**WHAT YOU SHOULD DO**
The expected output is exactly the lines below, starting at the line with "A giant panda in the zoo, Chengdu, China.の素材" and ending at the line with "188, STOKE ROAD, SLOUGH, SL2", both included; no other line belongs in it.

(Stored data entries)
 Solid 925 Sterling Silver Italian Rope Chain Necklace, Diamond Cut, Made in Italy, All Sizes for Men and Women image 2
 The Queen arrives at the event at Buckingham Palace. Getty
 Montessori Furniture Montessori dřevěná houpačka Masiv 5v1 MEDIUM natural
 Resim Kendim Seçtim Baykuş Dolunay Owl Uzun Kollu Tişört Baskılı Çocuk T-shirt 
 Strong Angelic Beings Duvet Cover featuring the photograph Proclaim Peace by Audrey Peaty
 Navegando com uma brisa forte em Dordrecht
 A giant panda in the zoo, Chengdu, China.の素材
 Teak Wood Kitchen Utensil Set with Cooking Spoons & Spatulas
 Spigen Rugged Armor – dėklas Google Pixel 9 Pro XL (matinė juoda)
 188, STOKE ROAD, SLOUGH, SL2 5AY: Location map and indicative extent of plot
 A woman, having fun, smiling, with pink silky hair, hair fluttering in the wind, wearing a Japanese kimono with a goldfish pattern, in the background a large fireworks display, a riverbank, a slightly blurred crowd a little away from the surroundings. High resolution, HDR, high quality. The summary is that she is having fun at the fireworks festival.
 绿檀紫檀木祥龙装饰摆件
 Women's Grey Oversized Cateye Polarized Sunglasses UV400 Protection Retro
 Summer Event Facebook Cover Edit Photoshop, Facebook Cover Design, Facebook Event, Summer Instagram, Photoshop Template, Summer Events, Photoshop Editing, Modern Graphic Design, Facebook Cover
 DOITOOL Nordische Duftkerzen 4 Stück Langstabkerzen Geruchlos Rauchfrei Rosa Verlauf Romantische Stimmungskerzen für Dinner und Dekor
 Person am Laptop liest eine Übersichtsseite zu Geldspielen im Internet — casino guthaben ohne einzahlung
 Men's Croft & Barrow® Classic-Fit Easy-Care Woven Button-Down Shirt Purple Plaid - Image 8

**EXERCISE SOLUTION**
 A giant panda in the zoo, Chengdu, China.の素材
 Teak Wood Kitchen Utensil Set with Cooking Spoons & Spatulas
 Spigen Rugged Armor – dėklas Google Pixel 9 Pro XL (matinė juoda)
 188, STOKE ROAD, SLOUGH, SL2 5AY: Location map and indicative extent of plot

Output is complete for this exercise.